What does all this say for the party’s immigration policy going forward? Will the same process continue for other immigrant groups in the future? One thing Smith notes is that the shift among Hispanics has taken place after the end of the big waves of Hispanic immigration. That, in effect, suggests that Republicans who are worried (if we are analyzing immigration in strictly partisan terms) about waves of new voters should think less in terms of restricting immigration generally than in terms of having a more even and diverse flow that is not composed disproportionately of new arrivals from a single country or region. After all, the electoral problem for Republicans is not that Hispanics were undergoing the classic American immigrant experience, but that so many of them were doing so at the same time, often in communities with one another.
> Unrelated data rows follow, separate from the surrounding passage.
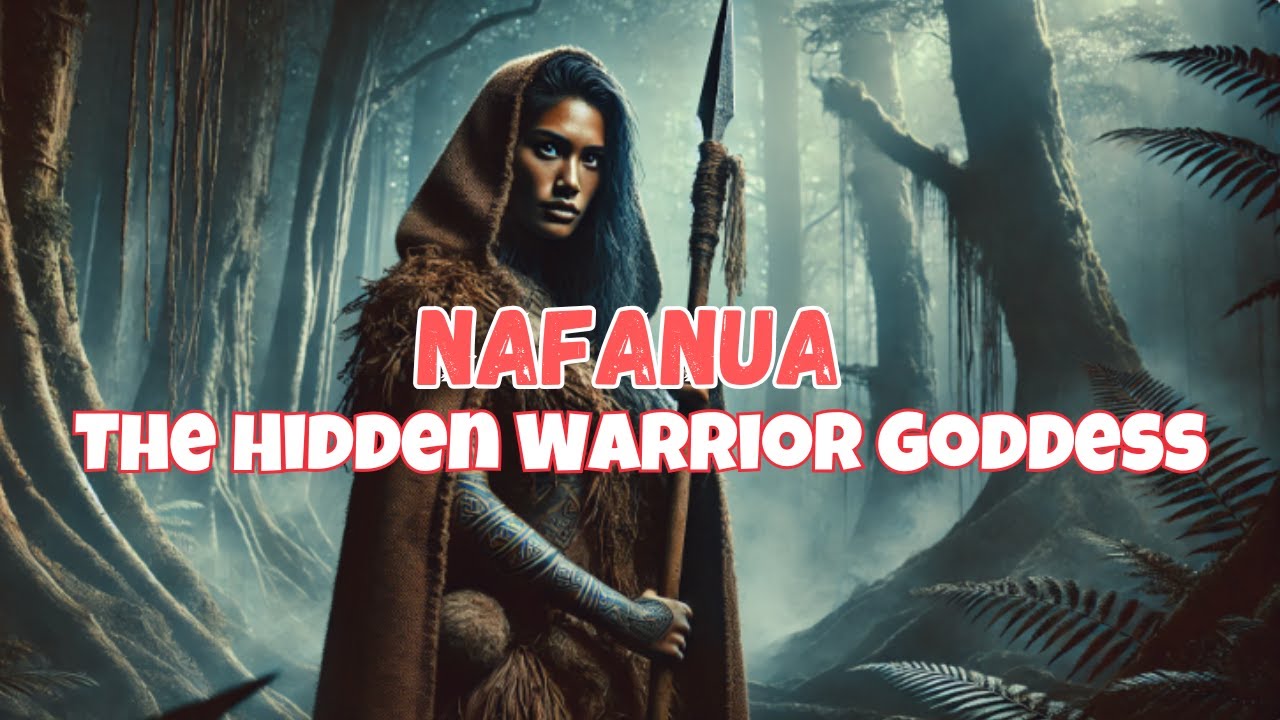 Nafanua: Ancient Samoan War Goddess Rises From The Earth!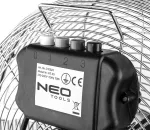 Wentylator podłogowy 50W, średnica 30 cm, 3 prędkości nawiewu
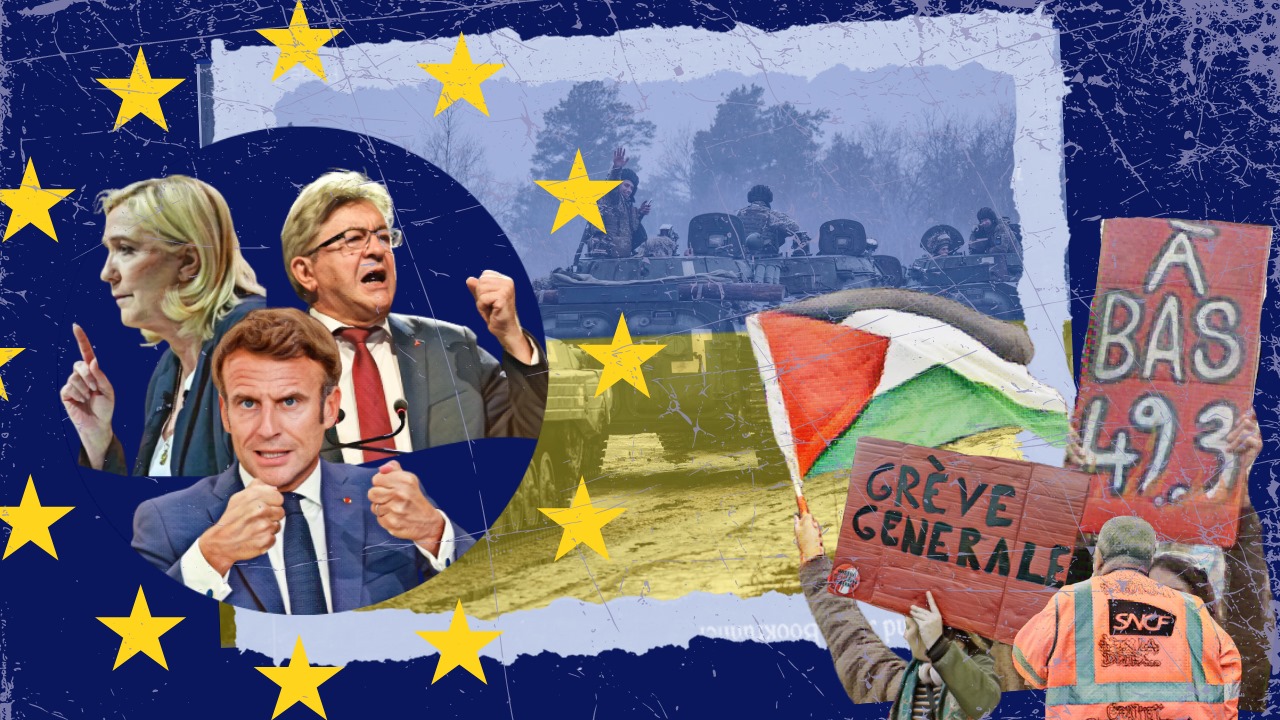 Consensus militariste aux européennes : il faut faire entendre une perspective ouvrière contre la guerre
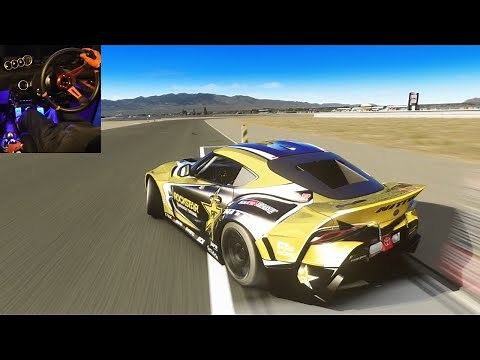 AASBO`s Supra | Formula Drift Utah | Assetto Corsa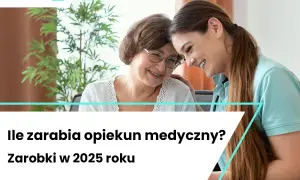 Opiekun medyczny w hospicjum: Ile na rękę? Wynagrodzenie 2026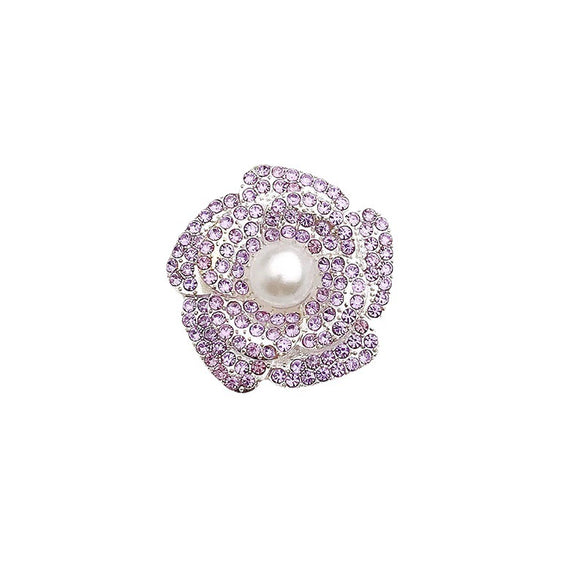 Wholesale Alloy Handmade Flower Diamond Jewelry And Mobile Phone Case Accessories Materials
A balanced mix of skilled and unskilled immigrants, varied in their origins, present less of a demographic bulge that can be politically exploited in the short term.

 

The future of immigration to the United States will likely be dominated by the groups that have been overtaking Hispanics since 2010: newcomers from Asia, South Asia, and the heartland of the Muslim world. Hispanic Americans are, like the Irish, Italians, and other European groups, still fundamentally Western. They are mostly Christians, speak a Western language, and came from countries established by Europeans. While there are other optimistic stories that can be told about immigrant groups from non-Western societies and non-Judeo-Christian religious backgrounds, it is unwise to simply assume the same trajectory. But we would be well-advised to be less consumed by fear that new immigrants and their descendants will permanently tilt the partisan balance of the country, and less worried about compromising our principles rather than simply doing outreach and treating people with respect.